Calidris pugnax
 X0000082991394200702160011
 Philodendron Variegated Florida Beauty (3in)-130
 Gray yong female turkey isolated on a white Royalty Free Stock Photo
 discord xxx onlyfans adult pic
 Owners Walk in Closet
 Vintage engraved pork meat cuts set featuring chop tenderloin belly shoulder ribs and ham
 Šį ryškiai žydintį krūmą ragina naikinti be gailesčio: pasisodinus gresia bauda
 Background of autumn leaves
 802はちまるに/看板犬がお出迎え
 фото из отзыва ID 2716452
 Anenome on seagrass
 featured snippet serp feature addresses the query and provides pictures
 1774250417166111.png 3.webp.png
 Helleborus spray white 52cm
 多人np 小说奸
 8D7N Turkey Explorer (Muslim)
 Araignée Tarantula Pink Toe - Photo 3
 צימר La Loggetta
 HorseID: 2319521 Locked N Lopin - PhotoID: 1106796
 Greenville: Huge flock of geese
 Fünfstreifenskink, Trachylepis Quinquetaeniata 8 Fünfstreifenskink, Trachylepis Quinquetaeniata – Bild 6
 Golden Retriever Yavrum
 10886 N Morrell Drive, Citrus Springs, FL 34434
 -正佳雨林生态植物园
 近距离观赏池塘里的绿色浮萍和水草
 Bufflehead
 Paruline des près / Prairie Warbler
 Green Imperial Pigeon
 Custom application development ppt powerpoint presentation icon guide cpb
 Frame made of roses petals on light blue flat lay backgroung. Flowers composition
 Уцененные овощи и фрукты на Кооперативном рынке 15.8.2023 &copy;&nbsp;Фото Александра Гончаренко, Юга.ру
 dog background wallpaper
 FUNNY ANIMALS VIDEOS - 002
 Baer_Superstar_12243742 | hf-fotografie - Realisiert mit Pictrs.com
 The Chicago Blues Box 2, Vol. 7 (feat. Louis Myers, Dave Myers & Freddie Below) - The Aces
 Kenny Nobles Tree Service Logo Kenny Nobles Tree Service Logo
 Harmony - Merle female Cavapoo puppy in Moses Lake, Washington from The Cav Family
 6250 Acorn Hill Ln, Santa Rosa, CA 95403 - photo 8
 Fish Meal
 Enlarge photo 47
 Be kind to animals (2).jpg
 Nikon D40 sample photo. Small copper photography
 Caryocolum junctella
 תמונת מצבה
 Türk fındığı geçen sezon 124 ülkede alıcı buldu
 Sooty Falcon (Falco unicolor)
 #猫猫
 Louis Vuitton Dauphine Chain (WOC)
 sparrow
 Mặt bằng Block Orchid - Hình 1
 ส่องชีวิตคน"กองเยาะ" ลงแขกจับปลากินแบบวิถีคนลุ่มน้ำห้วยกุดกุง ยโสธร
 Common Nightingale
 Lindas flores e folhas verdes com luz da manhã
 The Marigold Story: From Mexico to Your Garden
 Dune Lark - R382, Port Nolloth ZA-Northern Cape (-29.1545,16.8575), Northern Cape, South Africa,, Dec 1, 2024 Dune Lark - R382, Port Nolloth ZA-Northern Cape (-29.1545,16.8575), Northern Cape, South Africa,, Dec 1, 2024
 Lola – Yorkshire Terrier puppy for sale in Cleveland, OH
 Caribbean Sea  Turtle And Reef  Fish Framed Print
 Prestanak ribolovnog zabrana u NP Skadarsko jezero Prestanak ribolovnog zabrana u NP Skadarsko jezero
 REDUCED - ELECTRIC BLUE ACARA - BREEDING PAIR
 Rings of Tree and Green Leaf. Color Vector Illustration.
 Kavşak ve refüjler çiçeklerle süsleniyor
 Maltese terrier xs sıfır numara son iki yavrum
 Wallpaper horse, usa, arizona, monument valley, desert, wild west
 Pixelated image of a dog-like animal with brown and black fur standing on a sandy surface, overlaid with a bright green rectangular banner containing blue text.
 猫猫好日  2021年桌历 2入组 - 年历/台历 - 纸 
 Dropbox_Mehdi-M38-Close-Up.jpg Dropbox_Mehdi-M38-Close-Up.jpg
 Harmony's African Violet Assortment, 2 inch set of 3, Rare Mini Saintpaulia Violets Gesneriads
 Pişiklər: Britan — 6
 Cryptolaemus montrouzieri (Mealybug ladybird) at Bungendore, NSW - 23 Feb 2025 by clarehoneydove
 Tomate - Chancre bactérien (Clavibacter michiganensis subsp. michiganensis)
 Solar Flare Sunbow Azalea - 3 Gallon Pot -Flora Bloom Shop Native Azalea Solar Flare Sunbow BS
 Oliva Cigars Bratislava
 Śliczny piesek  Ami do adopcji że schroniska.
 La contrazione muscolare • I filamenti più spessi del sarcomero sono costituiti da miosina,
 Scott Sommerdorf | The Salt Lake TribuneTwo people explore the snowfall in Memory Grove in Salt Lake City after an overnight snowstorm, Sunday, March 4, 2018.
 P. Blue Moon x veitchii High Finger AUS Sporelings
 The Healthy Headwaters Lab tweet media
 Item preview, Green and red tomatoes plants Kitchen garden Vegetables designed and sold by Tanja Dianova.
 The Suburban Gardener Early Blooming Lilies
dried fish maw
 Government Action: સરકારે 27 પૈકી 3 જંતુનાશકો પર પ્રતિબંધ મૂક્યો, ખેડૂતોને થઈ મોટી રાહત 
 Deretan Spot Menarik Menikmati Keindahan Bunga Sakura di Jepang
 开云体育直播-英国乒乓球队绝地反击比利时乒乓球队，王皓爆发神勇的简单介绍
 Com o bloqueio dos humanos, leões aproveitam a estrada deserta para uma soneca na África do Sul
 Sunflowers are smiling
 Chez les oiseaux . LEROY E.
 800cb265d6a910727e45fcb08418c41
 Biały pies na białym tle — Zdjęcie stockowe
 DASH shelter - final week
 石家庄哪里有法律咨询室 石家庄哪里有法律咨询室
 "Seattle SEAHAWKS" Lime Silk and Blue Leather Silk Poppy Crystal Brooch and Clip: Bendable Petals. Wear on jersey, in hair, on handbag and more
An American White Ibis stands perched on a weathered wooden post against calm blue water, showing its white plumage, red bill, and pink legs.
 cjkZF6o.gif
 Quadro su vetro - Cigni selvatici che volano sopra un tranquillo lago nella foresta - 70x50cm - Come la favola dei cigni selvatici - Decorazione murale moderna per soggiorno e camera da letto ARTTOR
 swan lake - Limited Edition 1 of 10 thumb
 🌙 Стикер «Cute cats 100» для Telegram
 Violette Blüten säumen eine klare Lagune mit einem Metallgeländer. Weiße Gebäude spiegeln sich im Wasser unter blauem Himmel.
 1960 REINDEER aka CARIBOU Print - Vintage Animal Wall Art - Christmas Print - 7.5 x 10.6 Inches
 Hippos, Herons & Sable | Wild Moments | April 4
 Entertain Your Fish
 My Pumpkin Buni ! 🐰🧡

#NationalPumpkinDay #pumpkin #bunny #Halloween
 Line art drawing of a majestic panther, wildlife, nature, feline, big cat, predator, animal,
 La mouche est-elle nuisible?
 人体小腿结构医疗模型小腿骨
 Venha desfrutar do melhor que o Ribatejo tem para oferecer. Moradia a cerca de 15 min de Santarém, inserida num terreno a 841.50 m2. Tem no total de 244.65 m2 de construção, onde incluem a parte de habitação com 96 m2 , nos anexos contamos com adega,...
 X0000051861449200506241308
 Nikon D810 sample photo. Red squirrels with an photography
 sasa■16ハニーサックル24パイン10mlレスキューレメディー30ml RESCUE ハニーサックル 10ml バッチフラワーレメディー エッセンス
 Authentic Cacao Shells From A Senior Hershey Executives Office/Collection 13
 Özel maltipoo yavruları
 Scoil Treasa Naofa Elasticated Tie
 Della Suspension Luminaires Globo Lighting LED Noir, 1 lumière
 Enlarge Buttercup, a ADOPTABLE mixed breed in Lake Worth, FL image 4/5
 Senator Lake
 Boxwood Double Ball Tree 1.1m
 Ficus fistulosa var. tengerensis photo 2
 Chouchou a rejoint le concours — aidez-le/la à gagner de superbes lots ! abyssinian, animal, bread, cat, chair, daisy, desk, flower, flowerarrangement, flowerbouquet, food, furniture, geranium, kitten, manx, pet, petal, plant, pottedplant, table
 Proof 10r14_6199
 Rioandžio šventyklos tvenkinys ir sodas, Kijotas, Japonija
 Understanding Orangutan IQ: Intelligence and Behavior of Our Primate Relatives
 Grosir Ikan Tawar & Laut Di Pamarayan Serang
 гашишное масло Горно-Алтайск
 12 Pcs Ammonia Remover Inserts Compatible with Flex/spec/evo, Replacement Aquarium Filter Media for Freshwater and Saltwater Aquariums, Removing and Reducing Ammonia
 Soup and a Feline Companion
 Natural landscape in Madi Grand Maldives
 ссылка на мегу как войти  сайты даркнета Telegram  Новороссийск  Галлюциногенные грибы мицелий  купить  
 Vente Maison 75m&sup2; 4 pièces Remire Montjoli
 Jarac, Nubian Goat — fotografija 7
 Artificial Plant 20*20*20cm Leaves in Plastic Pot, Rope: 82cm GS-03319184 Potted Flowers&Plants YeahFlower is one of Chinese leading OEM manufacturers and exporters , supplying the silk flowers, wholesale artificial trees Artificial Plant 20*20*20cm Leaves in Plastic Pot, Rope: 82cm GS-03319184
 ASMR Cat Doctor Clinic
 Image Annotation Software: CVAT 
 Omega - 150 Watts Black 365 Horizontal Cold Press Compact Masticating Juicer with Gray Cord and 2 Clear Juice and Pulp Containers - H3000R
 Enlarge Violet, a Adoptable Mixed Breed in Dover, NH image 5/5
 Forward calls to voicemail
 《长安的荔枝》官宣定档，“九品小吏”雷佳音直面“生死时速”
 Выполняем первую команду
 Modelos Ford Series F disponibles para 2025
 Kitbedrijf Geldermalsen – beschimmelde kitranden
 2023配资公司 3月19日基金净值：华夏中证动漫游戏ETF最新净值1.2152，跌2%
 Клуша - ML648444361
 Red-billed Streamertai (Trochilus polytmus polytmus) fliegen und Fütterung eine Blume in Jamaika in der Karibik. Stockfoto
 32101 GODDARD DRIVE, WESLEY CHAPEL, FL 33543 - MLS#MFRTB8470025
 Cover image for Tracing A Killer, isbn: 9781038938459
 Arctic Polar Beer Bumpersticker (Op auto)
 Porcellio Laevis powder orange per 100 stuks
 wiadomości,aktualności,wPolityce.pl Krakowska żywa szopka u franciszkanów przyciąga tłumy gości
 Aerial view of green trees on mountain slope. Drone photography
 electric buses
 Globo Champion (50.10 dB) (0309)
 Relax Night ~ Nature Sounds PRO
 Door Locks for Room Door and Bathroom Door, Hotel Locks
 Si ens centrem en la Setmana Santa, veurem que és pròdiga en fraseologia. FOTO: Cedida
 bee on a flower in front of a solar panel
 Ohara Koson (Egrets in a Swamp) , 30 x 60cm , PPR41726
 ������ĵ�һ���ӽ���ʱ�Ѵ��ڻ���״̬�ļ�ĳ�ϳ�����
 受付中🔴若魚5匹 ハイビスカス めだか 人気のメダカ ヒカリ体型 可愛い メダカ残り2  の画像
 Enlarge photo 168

▬▬▬▬▬▬

TRY IT: Search the lines above for the string "Globo" and copy each line that has it.

WRITTEN ANSWER:
 Della Suspension Luminaires Globo Lighting LED Noir, 1 lumière
 Globo Champion (50.10 dB) (0309)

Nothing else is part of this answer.